Washington, D.C. -- The Magic of Remedios Varo, the first retrospective in the U.S. to showcase the powerful imagination and intellectual curiosity of one of Mexico’s greatest women artists, will be presented by the National Museum of Women in the Arts from February 10 to May 29, 2000. The exhibition includes 77 of Varo’s finest paintings and drawings from collections in Mexico and the U.S. Varo (1908-1963) used her superior technical skill to create richly detailed surrealist works filled with science, magic, and women’s experience. She explored the world through her work while also inventing alternatives to it.

A press preview will be held on February 8 from 10 a.m. to noon, with guest curator Luis-Martín Lozano. Please call Juliet Bing-Harmon if you would like to attend.

The exhibition is made possible by major support from Sears, Roebuck and Co. E. Ronald Culp, senior vice president, public relations and communications/government affairs, said, "This extraordinary exhibition will educate and entertain everyone from sophisticated art enthusiasts to families exploring art together for the first time. Sears is proud to share Varo’s unparalleled vision and creativity with U.S. audiences."

From her first solo exhibition in Mexico in 1956, Varo was an instant celebrity, with crowds lining up to see her work and long waiting lists for commissions. In her meticulous paintings rendered in jewel-like tones, worlds overlap to create a reality apart: a chair back mysteriously opens to reveal human faces, hands reach through walls, and tabletops peel back to expose living roots. Varo wanted to know how and why the universe functioned, and looked to dreams, astrology, and science for inspiration, and to visual and literary sources for themes. She set up hypotheses and explored them in paint, opening the door to new ways of envisioning nature and the self.

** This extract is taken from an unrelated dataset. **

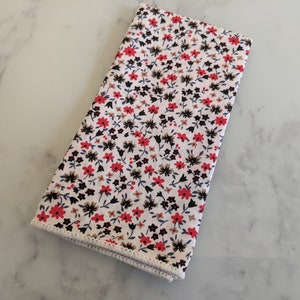 White Floral Pocket Square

Most of the people who inhabit Varo’s paintings reflect the artist’s features, the heart-shaped face with large almond eyes, long sharp nose, and thick hair. In many of Varo’s works a female character employs alchemical methods, as in Creation of the Birds (1957), in which an owl artist/musician uses synthesized materials to create a bird that takes flight out of a window. And though Surrealism was the aesthetic within which she developed, her later work creates an alternate vision of the movement. In Woman Leaving the Psychoanalyst (1960), the traditional Oedipal drama is reversed as a daughter drops the head of her father in a psychological rite of passage. Varo also built a world based on women’s domestic activities as a vehicle through which to explore creativity and the fantastic. In Celestial Pablum (1958), a woman seated in a tower floating among the clouds grinds star matter into a pablum that she feeds to a crescent moon in a cage, thereby gaining access to celestial realms.

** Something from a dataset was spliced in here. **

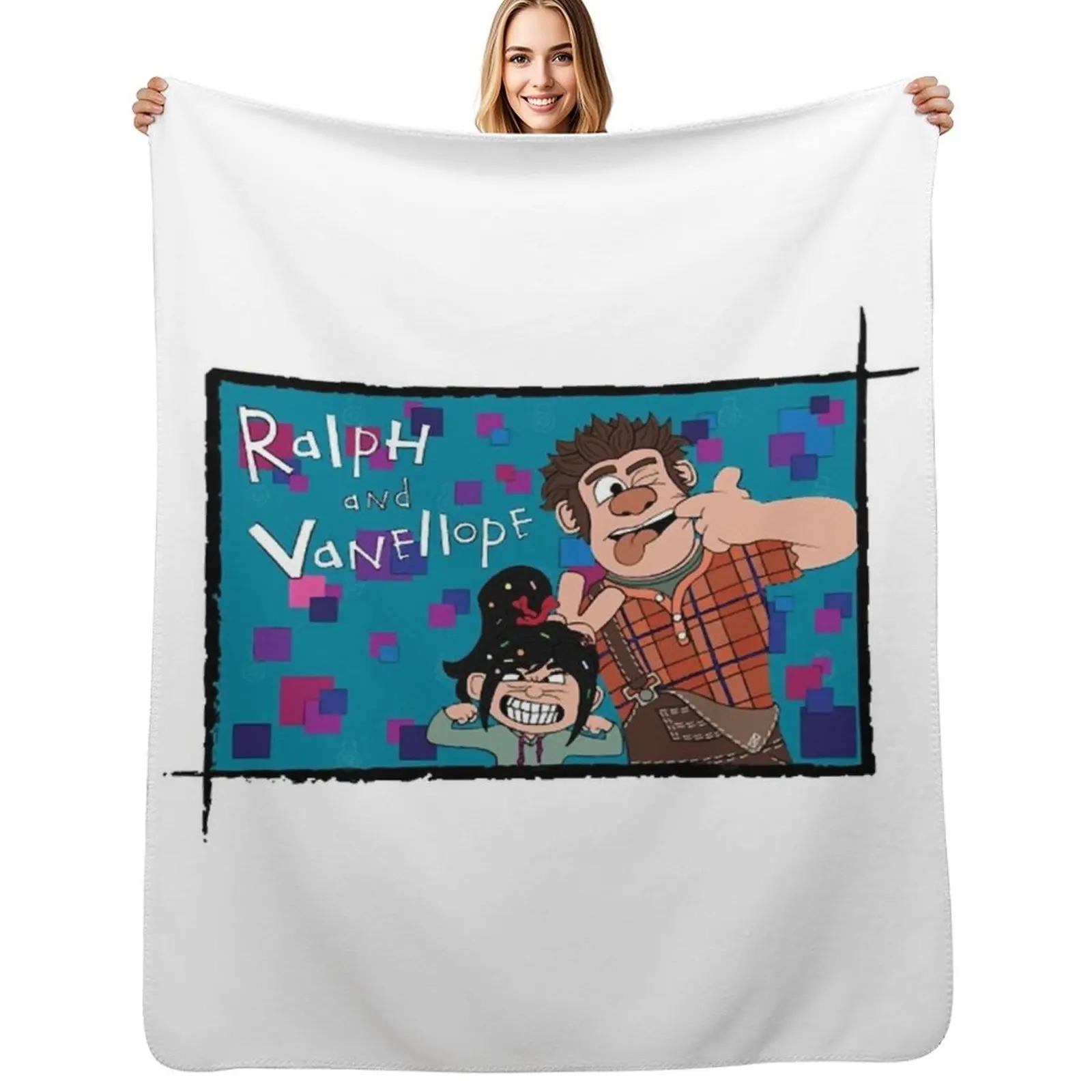 

Ralph & Vanellope Throw Blanket Kid'S Baby Soft Furry Blankets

Varo grew up in Madrid, and was encouraged by her father, an engineer, to pursue the artistic talent that she exhibited as a young girl. She became one of the first women to enroll as a full-time student at the Academia de San Fernando in 1924. In 1932 she moved to Barcelona, where she entered the social circle of avant-garde artists. Supporting herself with commercial artwork, she also created her own work that wedded science, architecture, and fantasy. Five years later Varo moved to Paris with Surrealist poet Benjamin Péret, who later became her husband, and over the next few years she began to exhibit her work in Surrealist exhibitions. In 1940, Varo was imprisoned by the Germans, possibly for having hidden a deserter from the French army. At the end of 1941 she and Péret fled to Mexico, where she became an integral part of a group of exiled artists. In 1947, Varo and Péret parted and she joined a French scientific expedition to Venezuela, where she remained for six months and continued her commercial art work. She returned to Mexico in 1949, and in 1952 married Walter Gruen, an Austrian political refugee, and devoted herself to painting. Varo suffered a fatal heart attack in 1963, at the age of 55, leaving a legacy of mature paintings produced in the short span of just over 10 years.

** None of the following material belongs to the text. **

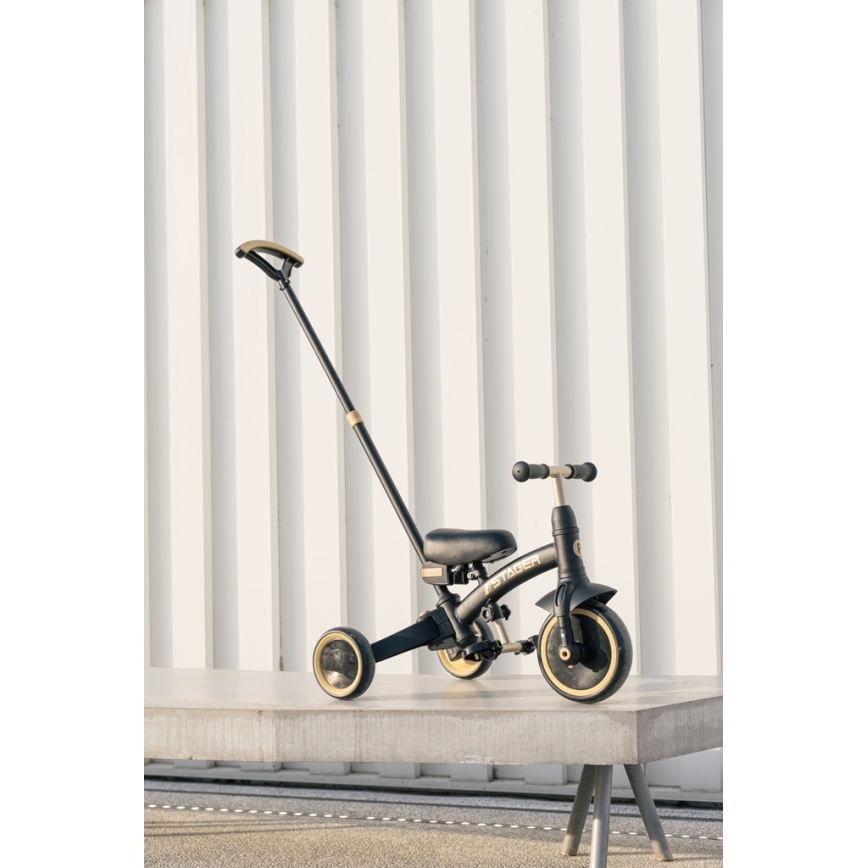 QPlay - Tricycle 3-en-1 STAGER pour enfants noir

The Magic of Remedios Varo is organized by the National Museum of Women in the Arts (NMWA). The curator is Luis-Martín Lozano, a scholar on Mexican art who recently curated an exhibition on Diego Rivera at the Los Angeles County Museum of Art. Coordinating curator for the museum is Chief Curator Susan Fisher Sterling. To accompany the exhibition NMWA will publish a fully illustrated catalogue with a bilingual essay by Lozano, along with a biography, bibliography, and exhibition checklist. It will be available in the spring in the museum shop and by mail order (call 1.800.222.7270). Following its debut in Washington, the exhibition will be on display at the Mexican Fine Arts Center Museum, Chicago, from June 16 to August 20, 2000.

In addition to Sears, Roebuck and Co., support for the exhibition is provided by the National Endowment for the Arts; the Consejo Nacional para la Cultura y las Artes; the Instituto Nacional de Bellas Artes; the Embassy of Mexico, Washington, D.C.; the Mexican Cultural Institute, Washington, D.C.; and the members of the National Museum of Women in the Arts. Transportation for the exhibition is provided by Aeroméxico.

Education Resource Center

The installation Bending the Rules, on view during the exhibition, will explore how Varo blended her depictions of natural phenomena with magical and supernatural elements. It will feature photo murals of Varo’s paintings accompanied by text. Special sessions for science classes and other school groups are available; call 202.783.7372 for information.

Public Programs

A Fiesta Mexicana on February 19 will highlight the colorful traditions of Mexican art and culture. Activities at the family festival will include dancing by the Maru Montero Dance Company with audience participation; creating yarn paintings, clay designs, and other crafts; sampling Mexican hot chocolate and tortillas; and hearing traditional folktales. A symposium examining the art of Remedios Varo in the context of Surrealism, Mexico, and other artists in exile will be presented at NMWA and the Mexican Cultural Institute on March 31 and April 1. A series of films by women directors from Mexico begins in February. Call 202.783.7370 for further information about programs and prices. All programs are cosponsored with the Mexican Cultural Institute.

About the Museum

The National Museum of Women in the Arts, founded in 1981 and opened in 1987, is the only museum dedicated solely to celebrating the achievements of women in the visual, performing, and literary arts. Its permanent collection contains approximately 2600 works by almost 700 artists, including Judith Leyster, Maria Sibylla Merian, Mary Cassatt, Camille Claudel, Georgia O’Keeffe, Frida Kahlo, Elizabeth Catlett, Lee Krasner, Helen Frankenthaler, and Louise Bourgeois. The museum also conducts multidisciplinary programs for diverse audiences, maintains a Library and Research Center, publishes a quarterly magazine, and has 22 state committees. Since 1984 nearly 200,000 people have joined as members in support of the museum and its mission. The Women’s Museum is located at 1250 New York Avenue, NW, Washington, D.C., in a historic building near the White House. It is open Monday - Saturday, 10 a.m. - 5 p.m., and Sunday, noon - 5 p.m. A donation of $3 for adults and $2 for students and seniors is suggested. For information call 202.783.5000 or visit the museum’s website, www.nmwa.org.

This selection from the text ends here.